Saturday, November 17, 2007

After six years of the war in Iraq, with no end in sight, US soldiers are deserting at a rate not seen since 1980. Since the invasion in 2003 US Army desertions have increased 80%. Since last year the rate has jumped 42%. This is still lower than during Vietnam years when a draft was in effect, but the rate has steadily increased over the past fours years. In the fiscal year ending September 30th 2007 4,698 US Army soldiers deserted as compared to 3,301 last year. The Army bears the brunt of the war in Iraq, enduring increasingly long tours of duty in a war that is becoming more and more unpopular as 'victory", however that might be defined, receded further into an indefinite future. In addition to outright desertion soldiers can get out of the Army in other ways ie
*being unable to meet physical fitness requirements (the old "shoot yourself in the foot" tactic)
*being found unable to adapt to the military (this may be the most painful of all as prison is a more likely result)
*declaring that they are gay, and being discharged under the "don't ask, don't tell" policy.
Other branches of the US military, the Navy, Marine Corps and Airforce, have either seen the numbers of deserters decline or remain steady. When soldiers do desert from the Army there is little effort to search them down, and if they are caught some are allowed to return to their units while others are given dishonourable discharges. Actual prosecutions are rare.
Unlike during the Vietnam War US soldiers who desert may not find refuge in Canada. This week the Supreme Court of Canada ruled that Army deserters Jeremy Hinzman and Brandon Hughes were not entitled to refugee status in Canada despite their argument that the US invasion of Iraq was illegal. The full text of the decision can be seen at . Despite this setback Canadian supporters of deserters from the American forces continue their efforts to provide help. Demonstrations were held in numerous cities in Ontario and BC yesterday to protest the ruling.

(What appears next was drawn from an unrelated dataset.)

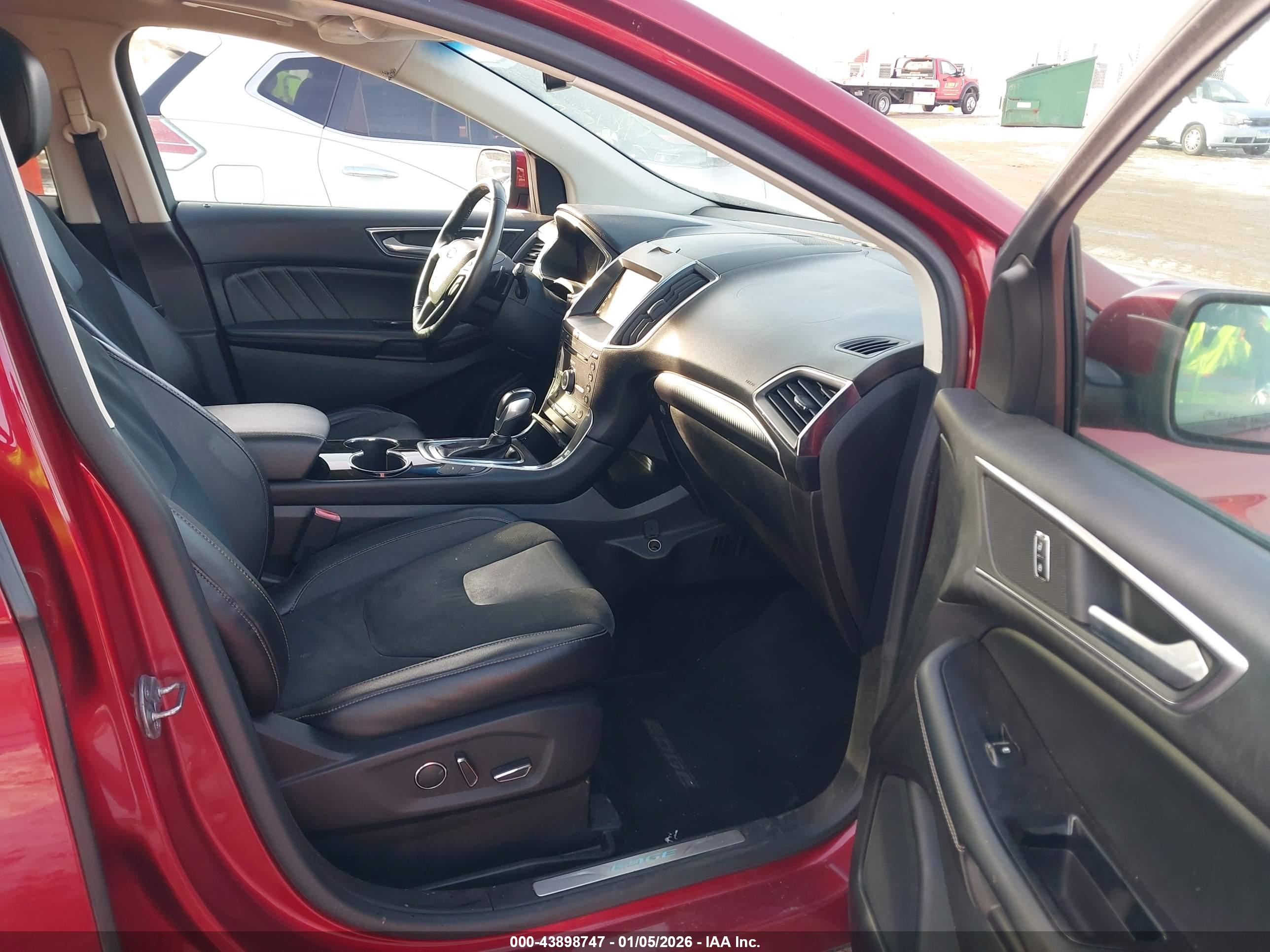 FORD EDGE image 5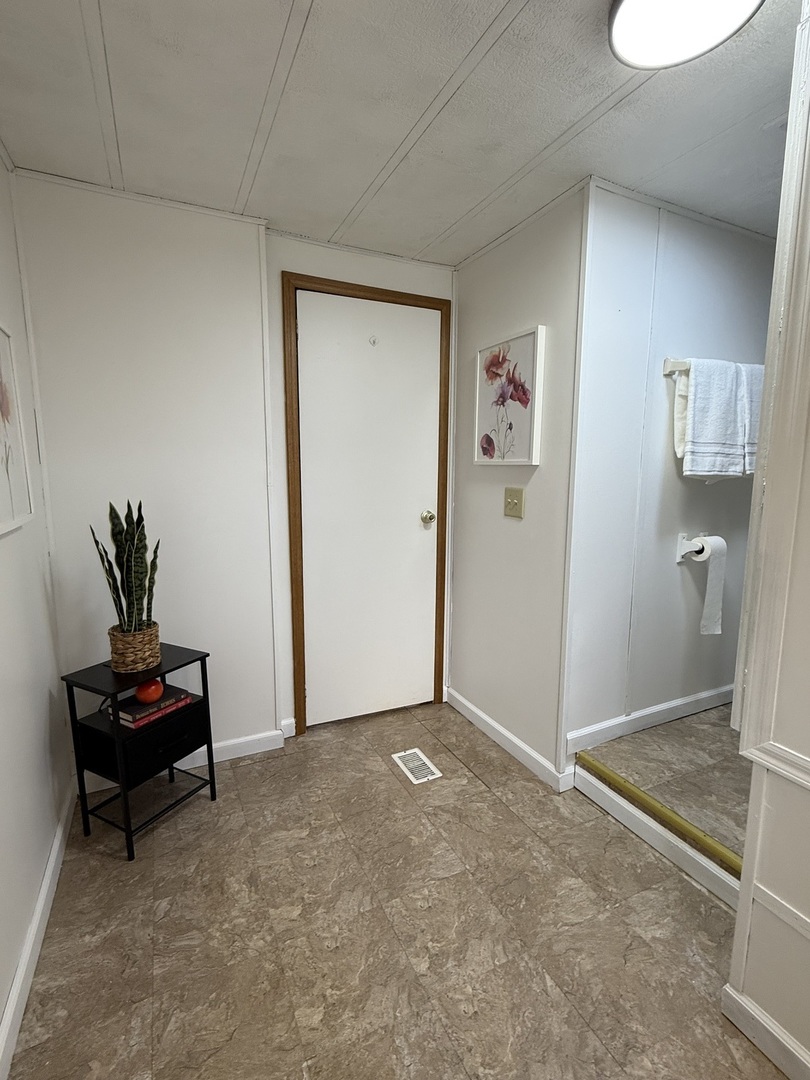 608 Tanglewood Road, Matteson, IL 60443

The War Resisters' Support Campaign intends to continue their efforts to change the official policy. Their website gives details of their effort as well as general information on the issue. They have also initiated a petition to the federal government asking that deserters be allowed to stay in Canada. You can access and sign this petition at . In these efforts they may have the support of the average Canadian citizen. I recent poll found that 64% of people in Ontario want the government to allow war resisters to stay in Canada.
In the USA there are also a number of organizations devoted to helping soldiers who desert from the military. The most prominent is the G.I. Rights Hotline that offers advice for people caught in the situation of not wanting to participate in the present illegal war. More information about the struggle for soldiers to follow their consciences can also be found at sites such as the Central Committee for Conscientious Objectors, Counter-Recruitment.Org and the Iraq Veterans Against the War.


Werner said...

This situation might also explain the high suicide rate amongst American soldiers. I heard this was about 6500 deaths in 2005.

mollymew said...

Yes, I've read about these statistics, and they deserve a something like a report on their own. there is nothing like being involved in a war that is becoming more and moer unwinnable with more and more demands made upon you to bring up the thought of suicide. Even the Bush adminstration rarely talks about "victory"-whatever that may mean- in Iraq today. There is little doubt that the ideological cover of justification for a soldier in Iraq has trapidly evaporated in the last few years. What is missing is a sense of who the REAL enemy is, those who put them in that position.